* What you should do *
Below are some records. Return exactly the lines from the one containing "KLEIDERSCHRANK Eiche Artisan, grau" through the one containing "Hampton Bay Beacon", both included, and only those.

** Dataset entries follows **

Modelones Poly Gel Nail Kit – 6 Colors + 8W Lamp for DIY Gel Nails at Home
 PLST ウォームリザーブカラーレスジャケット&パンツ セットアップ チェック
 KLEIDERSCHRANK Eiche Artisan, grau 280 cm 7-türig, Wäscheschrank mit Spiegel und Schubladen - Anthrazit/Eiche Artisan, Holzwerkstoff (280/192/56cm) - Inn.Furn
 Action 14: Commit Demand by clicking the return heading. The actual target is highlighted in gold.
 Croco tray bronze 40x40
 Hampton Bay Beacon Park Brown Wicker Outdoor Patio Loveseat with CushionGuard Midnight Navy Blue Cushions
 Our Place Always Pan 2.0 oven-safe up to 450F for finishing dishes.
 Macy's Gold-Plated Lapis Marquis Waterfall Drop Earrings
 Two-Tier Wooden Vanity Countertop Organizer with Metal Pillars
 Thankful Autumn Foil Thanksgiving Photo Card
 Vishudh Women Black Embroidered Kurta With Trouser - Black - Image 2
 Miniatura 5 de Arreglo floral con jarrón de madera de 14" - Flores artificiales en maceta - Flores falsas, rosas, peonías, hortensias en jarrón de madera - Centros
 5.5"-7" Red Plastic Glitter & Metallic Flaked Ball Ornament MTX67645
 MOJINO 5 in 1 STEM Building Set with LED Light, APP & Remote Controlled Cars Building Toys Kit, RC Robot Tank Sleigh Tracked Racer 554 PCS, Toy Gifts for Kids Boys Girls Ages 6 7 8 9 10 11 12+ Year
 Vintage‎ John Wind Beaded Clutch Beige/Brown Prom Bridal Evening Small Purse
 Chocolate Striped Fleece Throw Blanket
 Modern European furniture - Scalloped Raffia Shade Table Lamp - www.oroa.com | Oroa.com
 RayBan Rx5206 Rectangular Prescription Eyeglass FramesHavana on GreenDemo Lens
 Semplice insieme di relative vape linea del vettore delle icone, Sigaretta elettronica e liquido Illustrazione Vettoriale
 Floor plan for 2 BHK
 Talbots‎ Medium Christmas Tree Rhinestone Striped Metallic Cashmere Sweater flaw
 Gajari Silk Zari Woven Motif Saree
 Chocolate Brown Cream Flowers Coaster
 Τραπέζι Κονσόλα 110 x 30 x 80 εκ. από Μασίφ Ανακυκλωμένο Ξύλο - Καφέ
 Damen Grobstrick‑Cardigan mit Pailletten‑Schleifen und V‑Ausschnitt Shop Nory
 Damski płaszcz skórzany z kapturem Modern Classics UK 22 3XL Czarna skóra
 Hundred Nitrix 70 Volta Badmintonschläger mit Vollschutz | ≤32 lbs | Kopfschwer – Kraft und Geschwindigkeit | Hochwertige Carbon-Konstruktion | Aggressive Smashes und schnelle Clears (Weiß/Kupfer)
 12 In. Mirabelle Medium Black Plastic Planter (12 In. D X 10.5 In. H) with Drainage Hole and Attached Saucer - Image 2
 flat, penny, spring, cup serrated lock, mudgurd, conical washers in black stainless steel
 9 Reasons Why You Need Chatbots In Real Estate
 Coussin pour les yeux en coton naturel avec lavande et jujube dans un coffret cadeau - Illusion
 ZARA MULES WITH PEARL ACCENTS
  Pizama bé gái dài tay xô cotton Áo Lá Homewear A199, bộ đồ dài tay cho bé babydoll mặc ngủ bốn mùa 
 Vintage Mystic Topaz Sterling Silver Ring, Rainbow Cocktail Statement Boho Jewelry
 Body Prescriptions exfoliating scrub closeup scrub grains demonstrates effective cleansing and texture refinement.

** End of Dataset entries **

* Problem solution *
 KLEIDERSCHRANK Eiche Artisan, grau 280 cm 7-türig, Wäscheschrank mit Spiegel und Schubladen - Anthrazit/Eiche Artisan, Holzwerkstoff (280/192/56cm) - Inn.Furn
 Action 14: Commit Demand by clicking the return heading. The actual target is highlighted in gold.
 Croco tray bronze 40x40
 Hampton Bay Beacon Park Brown Wicker Outdoor Patio Loveseat with CushionGuard Midnight Navy Blue Cushions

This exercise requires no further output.